Hundreds of barristers submitted comments when completing the surveys that have informed this report, sharing their experiences of what has been working, what’s not and where improvements or changes are needed. Survey responses included:

  • “For the right cases they are invaluable. The criminal Bar continues to shrink and this ensures access.”
  • “The quality and the reliability of the tech often reduces the effectiveness of the hearings. More reliable technology would make for better justice. Some of the wrong hearings are being heard remotely/in-person. More thoughtful listing is required.”
  • “Remote hearings are excellent for routine or simple matters. They are less effective for lengthy, complex cases or cases requiring extensive oral evidence. I hope we never go back to the bad old days of travelling 8 hours for a 10-minute hearing, but I am concerned that justice will not be done if we use remote hearings too often for the longer and more complex matters. It is about proportionality.”
  • “I think that remote hearings have huge benefits but are not always used for the right hearings. By way of example, I am commonly required to travel for two- or three-hour hearings in the county court for matters on the small claims track with no substantial witness evidence. By contrast, I regularly conduct four-day discrimination trials remotely. The practices are inconsistent and often illogical.”

Key statistics

  • There has been a significant and steep decline in the volume of remote hearings between 2021 and 2023, as recorded by HMTCS’s Audio-Visual Situation Report. The aggregate proportion of all hearings being undertaken (entirely) remotely fell from 58% to 44% in 2022 and 25% in 2023.
  • 77% of barristers surveyed said they experienced technical problems with video platform in 2021 but this reduced significantly to 35% in 2023.
  • When barristers were asked how much remote hearings should be used:
    • Half (49%) said they ‘should be used more frequently’.
    • 38% said ‘it is about right at the moment’.
    • 8% said ‘they should be used less frequently’.
    • 1% said they ‘should not be used at all’.
    • 4% said they ‘did not know’.
  • Those in crime and family were more likely to be in favour of remote hearings being used more frequently compared to other areas of practice.
  • Views on remote hearings also differed by location. Four in ten respondents working in London would like to see remote links used more extensively compared to more than half of all other respondents and up to two-thirds of those working in the North West and East of England.
  • There was reasonable consensus where remote should be the default such as with shorter applications, case management meetings, preliminary hearings, administration hearings, and small claims hearings.
  • There was also general agreement that for trials, especially longer ones, and those where contested evidence is involved, in-person hearings should be the norm.

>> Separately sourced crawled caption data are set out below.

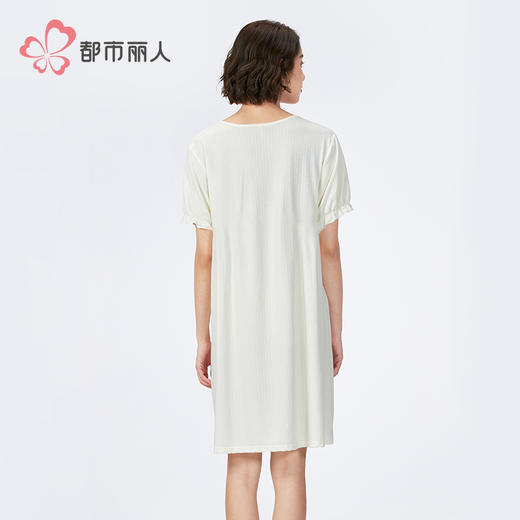 都市丽人女士正价棉质短袖裙薄针织提花生活家居短袖类LHH6E2 商品图3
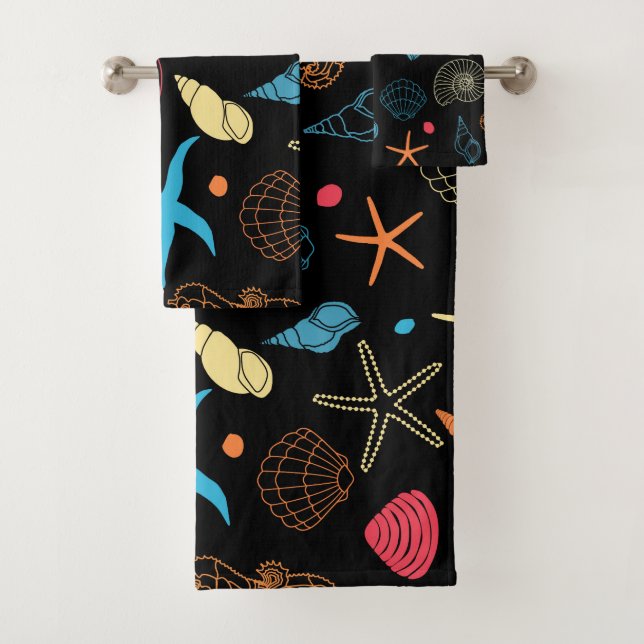 Ocean Seashells Seahorses & Starfish Bath Towel Set (Insitu)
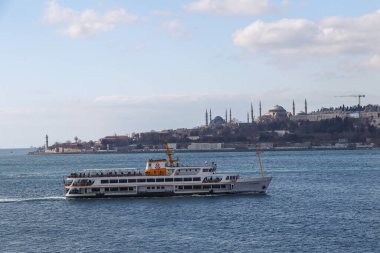 view of the bosphorus strait of the city instanbul, turkey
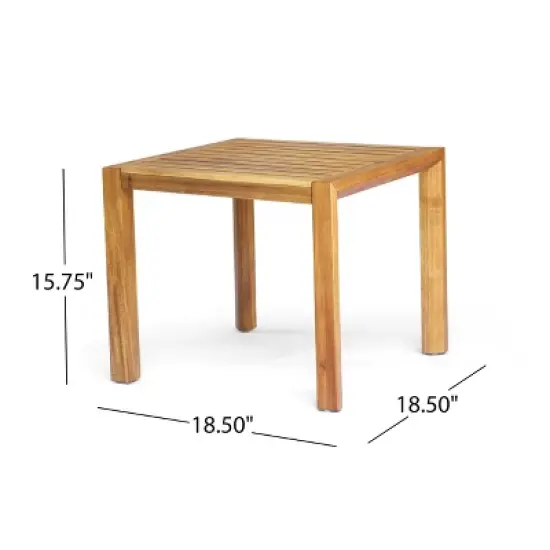 GDFStudio Ludwig Outdoor Acacia Wood 3 Piece Chat Set with Cushions image {2}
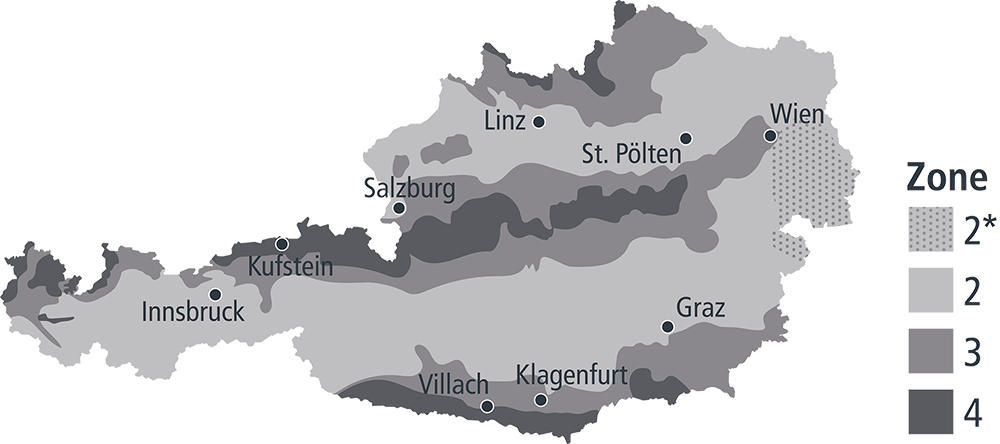 Schneelastkarte Österreich
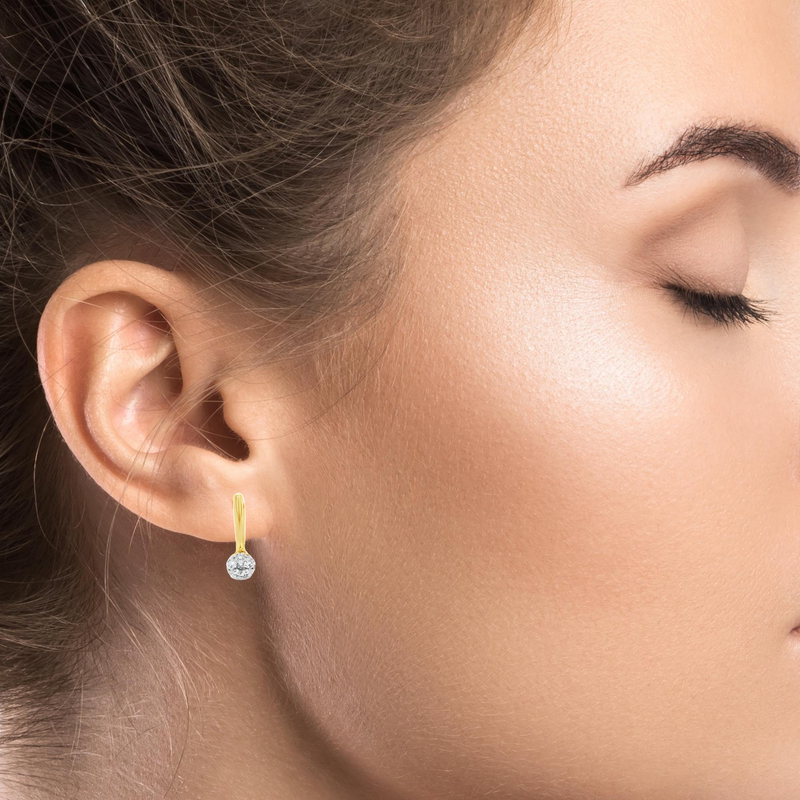 Обеци жълто злато 14к с диаманти 0.26 ct – Английско закопчаване, Код K10015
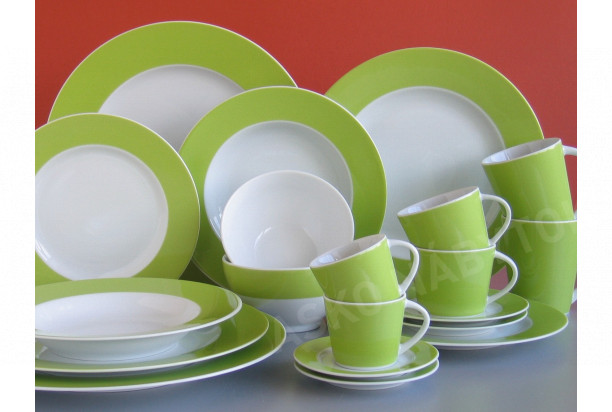 Dezertný tanier 21 cm Basic Colours, zelený okraj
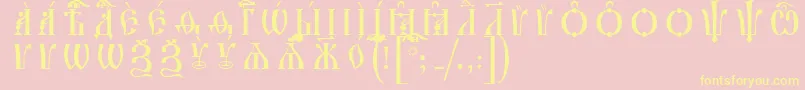 IrmologionCapsIeucsSpacedout-Schriftart – Gelbe Schriften auf rosa Hintergrund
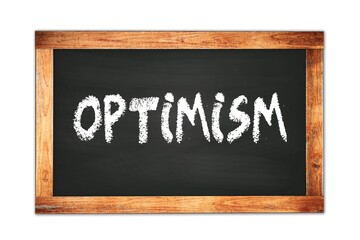 OPTIMISM text written on wooden frame school blackboard.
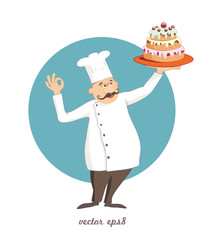 cartoon chef with mustaches holding a tray with cake. vector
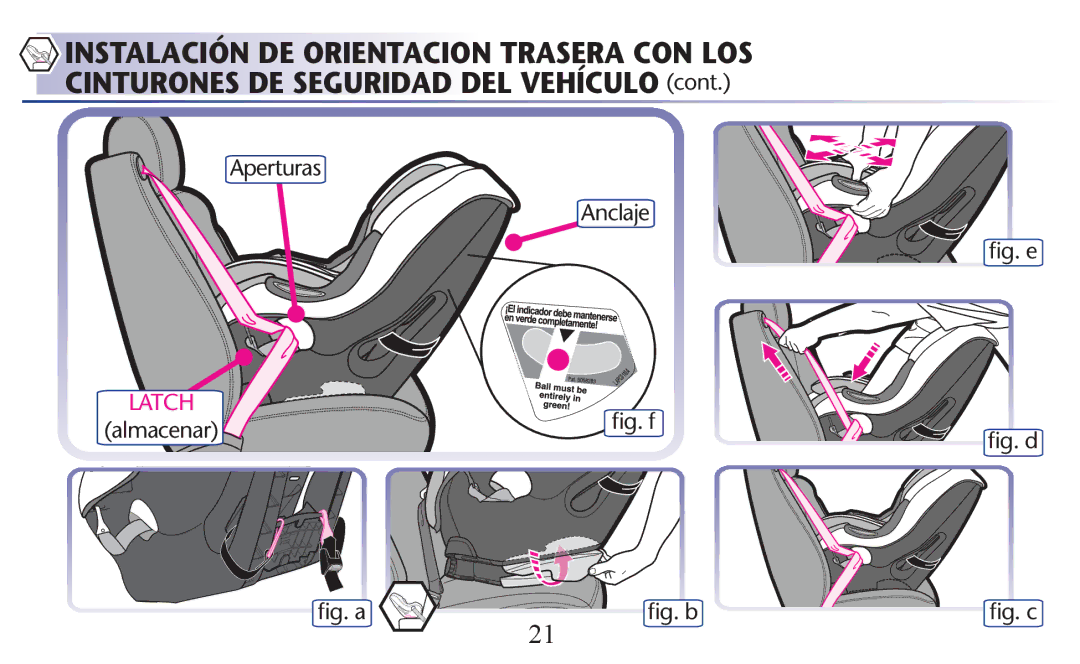 Graco PD156938B owner manual Instalación DE Orientacion Trasera CON LOS 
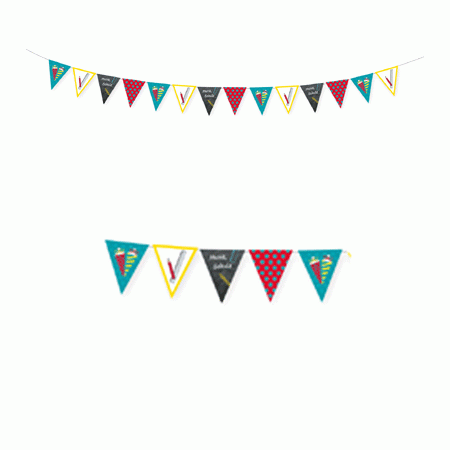 Schulanfang Wimpelkette (€1,10/Meter) Schulanfang Wimpelkette (€1,10/Meter)
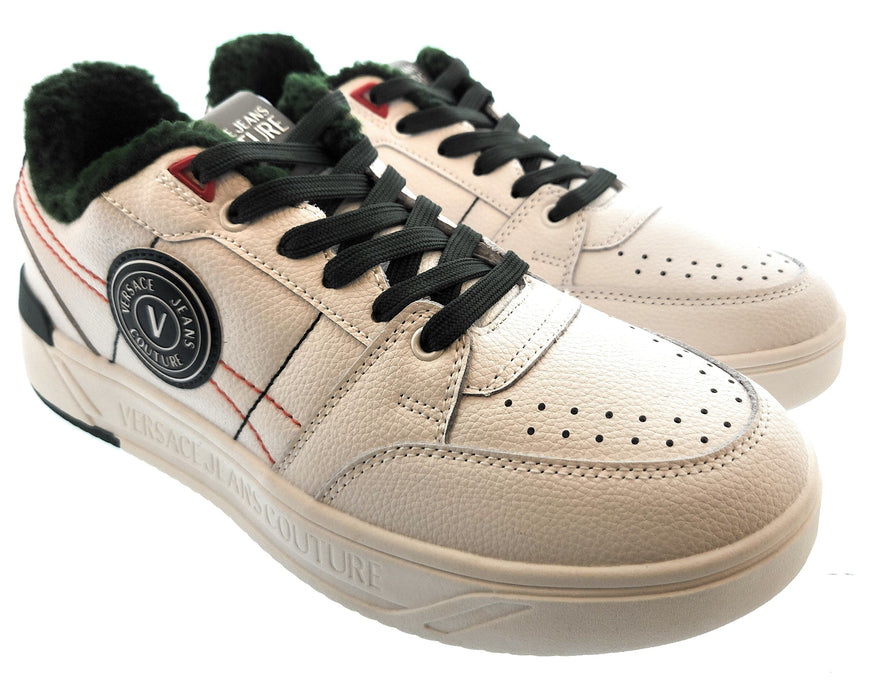 Versace Jeans Couture Mens White Fuzzy Lined Sneakers-EU42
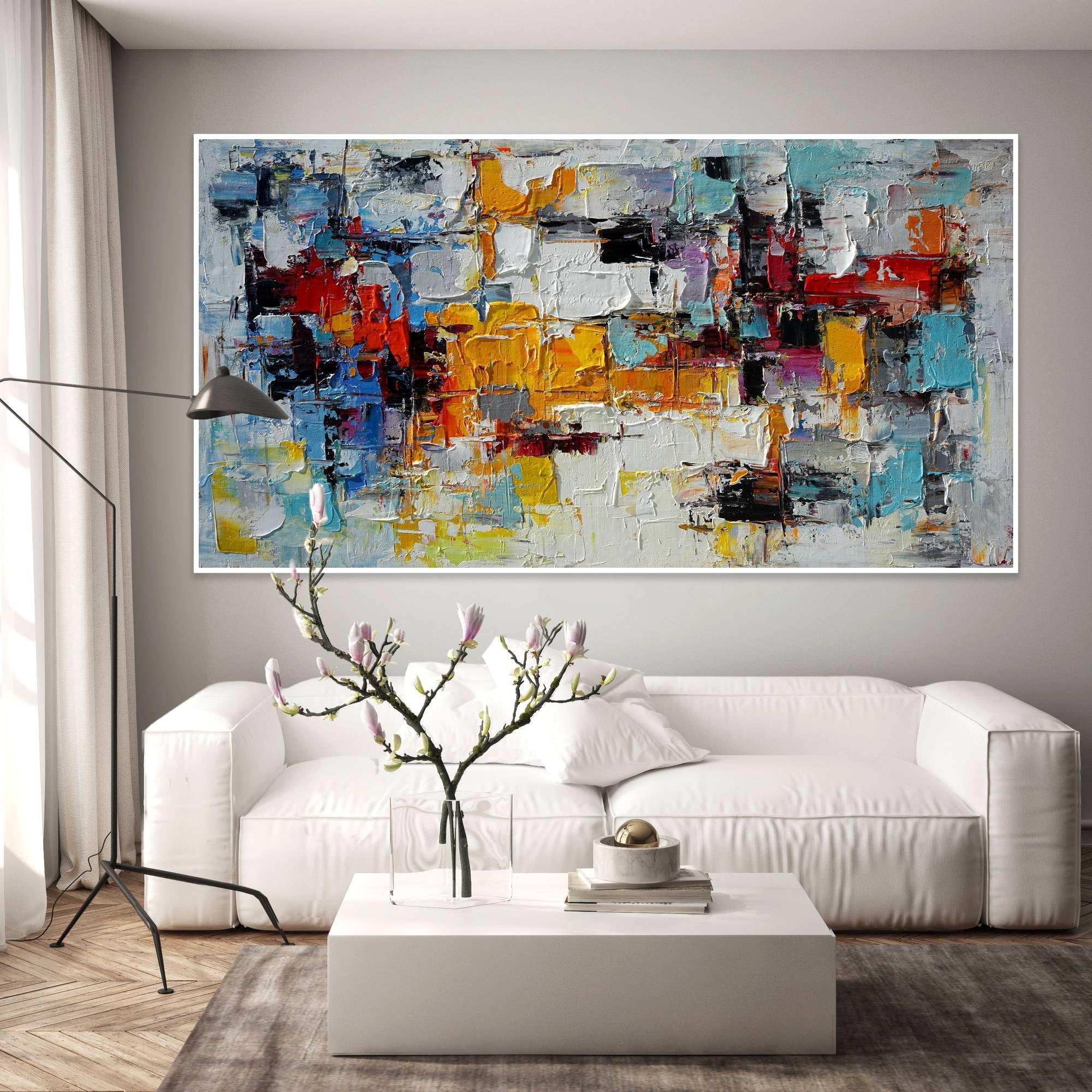 Hand painted Abstract Explosion of colors 90x180cm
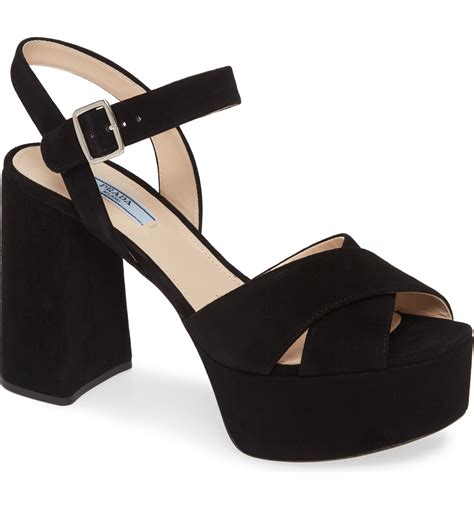 prada suede platform sandal|prada studded pony skin sandals.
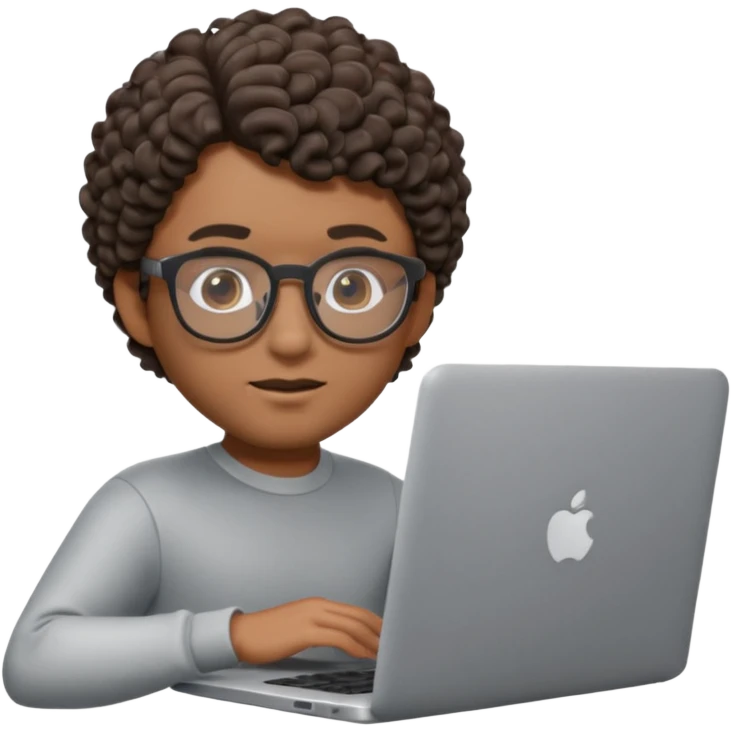 3D Apple Memoji–style emoji, brown-skinned male character, short curly hair, thick glasses, calm focused eyes, peeking over silver laptop, transparent PNG, 4K. emoji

The Bar Council recommends HMCTS:

  1. Improve data collection and monitoring around remote hearings and commit to regularly publishing data.
  2. Continue to support the judiciary in regular review of protocols for the use of remote hearings, with particular attention to the consistency of application.

The Bar Council recommends the Ministry of Justice:

  1. Commit to evaluating potential justice outcomes and procedural impacts.
  2. Significantly invest in the technology/tech support around remote hearings.
  3. Consider the views of professional court users in future plans around their use.